The statue was located on the facade of the impressive Rossio railway station in Lisbon, Portugal. Photo / Getty
A tourist will appear in court in Portugal after he accidentally destroyed a 126-year-old statue while trying to take a holiday selfie.
The 24-year-old man, who has not been named, climbed up next to the famous statue of former Portuguese king Dom Sebastiao outside a Lisbon train station on Tuesday, Reuters reported.
He reportedly scaled the station's facade for the perfect photo opportunity.
But after he reached the statue, the man knocked the freestanding sculpture off its pedestal - and it topped to the ground, smashing into pieces.
The tourist reportedly tried to flee the scene but was quickly apprehended by police.

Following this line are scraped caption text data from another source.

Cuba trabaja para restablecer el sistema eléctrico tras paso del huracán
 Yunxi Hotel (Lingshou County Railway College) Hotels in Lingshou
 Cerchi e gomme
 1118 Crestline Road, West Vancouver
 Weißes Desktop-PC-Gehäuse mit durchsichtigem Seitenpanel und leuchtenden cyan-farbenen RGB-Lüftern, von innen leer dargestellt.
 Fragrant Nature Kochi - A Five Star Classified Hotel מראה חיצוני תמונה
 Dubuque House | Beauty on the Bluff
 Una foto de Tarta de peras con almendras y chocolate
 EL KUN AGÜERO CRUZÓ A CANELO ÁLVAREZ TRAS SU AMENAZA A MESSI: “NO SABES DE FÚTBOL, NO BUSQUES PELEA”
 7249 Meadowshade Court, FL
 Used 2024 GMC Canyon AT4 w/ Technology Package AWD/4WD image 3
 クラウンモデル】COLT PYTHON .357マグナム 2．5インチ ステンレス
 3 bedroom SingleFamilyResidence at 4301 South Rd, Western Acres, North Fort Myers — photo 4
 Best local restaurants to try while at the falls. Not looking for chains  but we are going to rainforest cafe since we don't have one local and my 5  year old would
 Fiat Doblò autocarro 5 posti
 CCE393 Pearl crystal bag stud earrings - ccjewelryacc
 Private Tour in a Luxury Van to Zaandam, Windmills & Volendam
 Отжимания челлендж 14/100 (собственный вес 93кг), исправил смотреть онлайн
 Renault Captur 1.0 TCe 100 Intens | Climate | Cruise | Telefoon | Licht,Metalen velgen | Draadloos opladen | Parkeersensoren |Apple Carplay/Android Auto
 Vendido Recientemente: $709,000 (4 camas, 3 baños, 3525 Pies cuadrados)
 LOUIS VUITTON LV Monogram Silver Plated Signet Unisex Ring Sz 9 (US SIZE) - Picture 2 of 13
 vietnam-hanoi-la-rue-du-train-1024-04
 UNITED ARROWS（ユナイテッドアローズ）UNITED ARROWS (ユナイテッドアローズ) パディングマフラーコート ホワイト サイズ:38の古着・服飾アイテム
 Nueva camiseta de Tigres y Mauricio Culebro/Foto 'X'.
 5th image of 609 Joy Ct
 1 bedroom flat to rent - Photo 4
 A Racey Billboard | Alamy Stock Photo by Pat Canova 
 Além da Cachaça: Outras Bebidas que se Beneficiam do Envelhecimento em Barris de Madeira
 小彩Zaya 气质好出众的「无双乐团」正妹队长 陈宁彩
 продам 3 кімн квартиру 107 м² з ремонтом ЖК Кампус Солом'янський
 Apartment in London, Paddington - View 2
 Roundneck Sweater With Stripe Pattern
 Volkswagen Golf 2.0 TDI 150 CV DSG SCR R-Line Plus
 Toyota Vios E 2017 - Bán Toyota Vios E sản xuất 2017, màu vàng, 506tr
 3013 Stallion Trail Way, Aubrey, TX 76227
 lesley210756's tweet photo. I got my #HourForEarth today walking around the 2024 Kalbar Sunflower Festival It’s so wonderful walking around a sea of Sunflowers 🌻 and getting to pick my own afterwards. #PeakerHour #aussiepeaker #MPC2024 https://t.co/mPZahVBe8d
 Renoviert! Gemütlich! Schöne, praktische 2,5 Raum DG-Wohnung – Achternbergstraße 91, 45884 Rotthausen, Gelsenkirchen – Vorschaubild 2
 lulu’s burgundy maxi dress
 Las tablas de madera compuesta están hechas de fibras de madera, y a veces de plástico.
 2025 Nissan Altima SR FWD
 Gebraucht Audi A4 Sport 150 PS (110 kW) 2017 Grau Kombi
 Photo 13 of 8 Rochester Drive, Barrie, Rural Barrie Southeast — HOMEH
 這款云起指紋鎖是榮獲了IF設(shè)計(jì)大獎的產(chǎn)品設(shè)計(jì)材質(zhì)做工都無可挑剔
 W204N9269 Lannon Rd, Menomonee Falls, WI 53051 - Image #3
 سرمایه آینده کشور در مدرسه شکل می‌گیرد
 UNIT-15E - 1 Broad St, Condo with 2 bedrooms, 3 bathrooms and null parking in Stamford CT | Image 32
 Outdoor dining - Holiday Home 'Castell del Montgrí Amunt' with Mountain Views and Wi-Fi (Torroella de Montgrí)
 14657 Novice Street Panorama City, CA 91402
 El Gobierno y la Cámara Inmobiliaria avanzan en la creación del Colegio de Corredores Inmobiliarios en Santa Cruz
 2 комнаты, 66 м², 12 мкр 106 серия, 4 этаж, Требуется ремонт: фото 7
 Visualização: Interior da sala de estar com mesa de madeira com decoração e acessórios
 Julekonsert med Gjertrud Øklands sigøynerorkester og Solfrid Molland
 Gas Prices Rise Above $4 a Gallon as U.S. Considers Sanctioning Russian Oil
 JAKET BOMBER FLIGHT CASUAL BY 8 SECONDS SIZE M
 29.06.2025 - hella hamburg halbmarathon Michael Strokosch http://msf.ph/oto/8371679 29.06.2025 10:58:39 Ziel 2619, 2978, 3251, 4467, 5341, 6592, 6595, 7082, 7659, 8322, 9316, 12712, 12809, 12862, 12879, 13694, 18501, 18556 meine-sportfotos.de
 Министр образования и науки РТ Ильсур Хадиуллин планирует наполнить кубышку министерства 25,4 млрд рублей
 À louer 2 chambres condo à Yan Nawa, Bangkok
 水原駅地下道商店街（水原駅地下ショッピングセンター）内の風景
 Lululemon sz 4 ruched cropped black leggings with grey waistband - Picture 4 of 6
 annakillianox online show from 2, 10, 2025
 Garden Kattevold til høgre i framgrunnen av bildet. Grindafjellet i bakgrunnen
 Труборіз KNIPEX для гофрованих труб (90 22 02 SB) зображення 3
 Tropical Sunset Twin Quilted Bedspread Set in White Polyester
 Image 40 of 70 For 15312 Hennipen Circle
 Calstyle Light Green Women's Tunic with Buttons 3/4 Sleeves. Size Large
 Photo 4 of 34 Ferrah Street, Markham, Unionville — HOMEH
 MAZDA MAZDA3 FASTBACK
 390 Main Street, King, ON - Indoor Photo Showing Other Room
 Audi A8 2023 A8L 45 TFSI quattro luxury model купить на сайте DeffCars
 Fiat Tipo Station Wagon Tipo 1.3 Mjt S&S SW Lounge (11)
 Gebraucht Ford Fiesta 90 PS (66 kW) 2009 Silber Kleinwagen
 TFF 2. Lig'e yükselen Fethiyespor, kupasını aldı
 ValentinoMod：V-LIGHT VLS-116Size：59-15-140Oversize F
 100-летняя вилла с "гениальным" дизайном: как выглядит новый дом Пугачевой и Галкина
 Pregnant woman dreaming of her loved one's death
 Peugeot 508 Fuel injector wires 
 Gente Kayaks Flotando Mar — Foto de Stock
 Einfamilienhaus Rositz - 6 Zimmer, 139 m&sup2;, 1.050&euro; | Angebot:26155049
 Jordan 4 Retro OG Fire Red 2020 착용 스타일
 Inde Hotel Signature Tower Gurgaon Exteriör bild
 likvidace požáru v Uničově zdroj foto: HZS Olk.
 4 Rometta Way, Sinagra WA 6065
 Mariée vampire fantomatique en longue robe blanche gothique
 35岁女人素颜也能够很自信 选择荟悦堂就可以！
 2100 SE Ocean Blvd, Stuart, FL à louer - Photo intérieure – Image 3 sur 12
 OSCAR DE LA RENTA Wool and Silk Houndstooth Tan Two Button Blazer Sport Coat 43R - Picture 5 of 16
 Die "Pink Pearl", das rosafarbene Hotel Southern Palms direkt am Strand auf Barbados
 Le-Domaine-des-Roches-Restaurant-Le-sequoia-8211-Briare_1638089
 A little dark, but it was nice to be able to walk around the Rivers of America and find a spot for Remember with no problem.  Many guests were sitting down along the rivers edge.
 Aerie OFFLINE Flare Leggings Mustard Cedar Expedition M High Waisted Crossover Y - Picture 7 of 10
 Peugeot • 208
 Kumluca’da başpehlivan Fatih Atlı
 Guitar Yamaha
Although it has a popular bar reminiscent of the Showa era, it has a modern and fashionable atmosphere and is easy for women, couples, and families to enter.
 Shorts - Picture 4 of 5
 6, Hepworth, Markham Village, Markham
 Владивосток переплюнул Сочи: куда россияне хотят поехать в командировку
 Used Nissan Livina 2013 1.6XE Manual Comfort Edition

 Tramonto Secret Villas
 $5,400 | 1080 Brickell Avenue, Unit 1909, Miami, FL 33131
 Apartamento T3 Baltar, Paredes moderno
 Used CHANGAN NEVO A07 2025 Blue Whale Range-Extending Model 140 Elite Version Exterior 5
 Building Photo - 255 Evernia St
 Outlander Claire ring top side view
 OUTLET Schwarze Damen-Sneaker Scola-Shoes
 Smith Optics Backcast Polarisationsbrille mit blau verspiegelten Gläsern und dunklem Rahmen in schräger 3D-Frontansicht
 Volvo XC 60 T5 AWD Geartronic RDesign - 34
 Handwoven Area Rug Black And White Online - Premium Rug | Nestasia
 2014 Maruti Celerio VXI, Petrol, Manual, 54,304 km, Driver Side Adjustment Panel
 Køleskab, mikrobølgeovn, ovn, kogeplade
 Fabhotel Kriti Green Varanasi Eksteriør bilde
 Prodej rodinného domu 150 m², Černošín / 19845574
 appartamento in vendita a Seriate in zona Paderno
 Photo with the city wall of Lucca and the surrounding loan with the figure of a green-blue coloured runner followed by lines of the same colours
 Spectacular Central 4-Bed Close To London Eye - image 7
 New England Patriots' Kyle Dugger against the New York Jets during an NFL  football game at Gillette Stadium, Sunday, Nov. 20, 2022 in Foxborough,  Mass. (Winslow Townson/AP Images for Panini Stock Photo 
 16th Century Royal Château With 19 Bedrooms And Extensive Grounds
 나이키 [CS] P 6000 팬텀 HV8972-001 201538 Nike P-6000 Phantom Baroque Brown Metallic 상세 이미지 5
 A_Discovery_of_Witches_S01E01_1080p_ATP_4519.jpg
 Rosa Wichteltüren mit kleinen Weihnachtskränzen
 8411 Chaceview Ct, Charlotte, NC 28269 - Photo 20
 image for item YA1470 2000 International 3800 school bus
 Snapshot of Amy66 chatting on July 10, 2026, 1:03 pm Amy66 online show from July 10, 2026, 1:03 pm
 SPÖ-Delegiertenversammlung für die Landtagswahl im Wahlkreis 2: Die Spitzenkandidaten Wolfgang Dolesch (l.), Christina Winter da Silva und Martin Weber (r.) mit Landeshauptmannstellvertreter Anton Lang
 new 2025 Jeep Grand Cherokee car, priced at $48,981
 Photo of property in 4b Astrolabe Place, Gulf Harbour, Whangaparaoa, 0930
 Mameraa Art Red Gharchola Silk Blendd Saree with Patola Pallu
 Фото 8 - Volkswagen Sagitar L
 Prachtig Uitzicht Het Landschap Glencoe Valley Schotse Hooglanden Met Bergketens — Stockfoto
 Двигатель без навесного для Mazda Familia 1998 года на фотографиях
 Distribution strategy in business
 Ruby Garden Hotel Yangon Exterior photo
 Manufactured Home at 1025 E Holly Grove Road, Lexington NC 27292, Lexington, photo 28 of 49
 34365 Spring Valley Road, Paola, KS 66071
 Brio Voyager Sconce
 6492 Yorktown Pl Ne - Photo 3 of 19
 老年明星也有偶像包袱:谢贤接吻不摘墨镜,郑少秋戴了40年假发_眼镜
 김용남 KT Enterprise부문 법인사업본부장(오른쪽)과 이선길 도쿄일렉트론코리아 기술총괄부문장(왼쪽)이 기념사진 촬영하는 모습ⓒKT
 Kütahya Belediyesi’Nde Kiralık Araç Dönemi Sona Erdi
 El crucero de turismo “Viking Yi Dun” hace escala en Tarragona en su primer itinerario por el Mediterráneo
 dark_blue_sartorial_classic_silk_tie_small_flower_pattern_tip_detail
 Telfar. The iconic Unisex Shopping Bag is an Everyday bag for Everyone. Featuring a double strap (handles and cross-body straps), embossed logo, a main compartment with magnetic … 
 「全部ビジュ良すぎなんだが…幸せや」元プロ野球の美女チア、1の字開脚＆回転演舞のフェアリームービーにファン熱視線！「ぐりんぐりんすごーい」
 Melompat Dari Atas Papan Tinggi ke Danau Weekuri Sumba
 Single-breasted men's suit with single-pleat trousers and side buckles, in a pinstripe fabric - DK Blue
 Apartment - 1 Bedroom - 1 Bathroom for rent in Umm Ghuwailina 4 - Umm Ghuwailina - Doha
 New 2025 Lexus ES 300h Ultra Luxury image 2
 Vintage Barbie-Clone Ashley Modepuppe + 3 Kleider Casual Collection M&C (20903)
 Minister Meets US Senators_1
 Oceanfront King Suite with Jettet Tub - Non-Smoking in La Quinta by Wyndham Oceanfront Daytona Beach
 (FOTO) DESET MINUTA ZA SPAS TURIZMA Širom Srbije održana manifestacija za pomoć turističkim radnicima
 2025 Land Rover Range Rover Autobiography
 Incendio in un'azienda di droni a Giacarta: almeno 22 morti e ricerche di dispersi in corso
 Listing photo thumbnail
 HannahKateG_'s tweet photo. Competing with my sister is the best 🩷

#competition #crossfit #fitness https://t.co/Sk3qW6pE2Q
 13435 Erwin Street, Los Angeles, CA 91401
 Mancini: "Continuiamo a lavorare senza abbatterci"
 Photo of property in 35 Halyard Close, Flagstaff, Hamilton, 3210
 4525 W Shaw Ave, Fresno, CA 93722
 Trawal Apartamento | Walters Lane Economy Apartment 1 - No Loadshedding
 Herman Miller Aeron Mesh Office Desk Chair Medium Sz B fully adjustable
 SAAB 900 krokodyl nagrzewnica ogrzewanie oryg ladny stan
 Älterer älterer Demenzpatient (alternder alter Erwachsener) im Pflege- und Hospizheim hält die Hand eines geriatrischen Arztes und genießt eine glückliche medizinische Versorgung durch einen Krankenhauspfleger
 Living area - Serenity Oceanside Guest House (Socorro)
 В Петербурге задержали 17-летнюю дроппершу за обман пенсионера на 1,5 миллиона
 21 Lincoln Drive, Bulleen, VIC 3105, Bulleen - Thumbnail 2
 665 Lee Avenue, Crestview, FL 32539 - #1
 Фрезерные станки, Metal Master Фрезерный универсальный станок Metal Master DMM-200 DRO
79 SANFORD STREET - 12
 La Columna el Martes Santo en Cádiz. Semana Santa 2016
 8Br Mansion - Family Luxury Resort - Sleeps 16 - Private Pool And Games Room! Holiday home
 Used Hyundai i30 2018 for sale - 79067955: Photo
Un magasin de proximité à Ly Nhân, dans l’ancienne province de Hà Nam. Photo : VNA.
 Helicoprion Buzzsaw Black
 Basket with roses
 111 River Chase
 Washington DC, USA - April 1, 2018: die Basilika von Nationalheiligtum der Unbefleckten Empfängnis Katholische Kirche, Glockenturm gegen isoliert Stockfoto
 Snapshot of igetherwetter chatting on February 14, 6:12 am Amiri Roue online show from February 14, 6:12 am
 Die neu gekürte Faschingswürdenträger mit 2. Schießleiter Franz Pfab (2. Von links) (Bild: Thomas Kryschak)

He was then charged to face a Lisbon court for destruction of public property. A spokesman for Infrastructure Portugal said it was not yet known when the statue would be fixed.
The statue's subject, Dom Sebastiao, was Portugal's ruler between 1557 and 1578.
A legendary but tragic figure in Portuguese history, the young king embarked on a crusade against Morocco but was killed at the famous Battle of the Three Kings in northern Morocco at the age of 24.
His body was never recovered and the statue in his honour had stood proudly outside Lisbon's impressive Rossio railway station since 1890 - until last week.
But the young man who accidentally smashed it to pieces is far from the only tourist to inadvertently wreck havoc on valuable pieces of art.
Last year, a 12-year-old boy visiting a museum in Taipei, Taiwan, triggered facepalms the world over when he tripped over a punched a hole in a $2 million painting.
Footage showed the child trip on his feet and stumble into the 350-year-old oil-on-canvas painting, Flowers, by Italian master painter Paolo Porpora, which required expensive restoration.
Also last year, a pair of tourists accidentally shattered a 315-year-old marble statue in the Italian city of Cremona.
The tourists were reportedly trying to snap a selfie with the Statue of the Two Hercules - considered a symbol of the city - when they knocked it to the ground, Milan's Corriere della Sera newspaper reported.
In 2013, an American tourist accidentally snapped the finger off a 600-year-old statue of the Virgin Mary at Museo dell'Opera del Duomo in Florence.
The 55-year-old man was reportedly attempting to compare his finger to one on the statue figure when it broke off.
In an even more strange incident, the quest for a perfect selfie caused a US exchange student to become trapped in a giant stone sculpture of a vulva in Germany.
Some 22 firefighters were called to help free the man when he got stuck trying to take "a funny picture" with the sculpture in the grounds of Tubingen University Institute of Microbiology.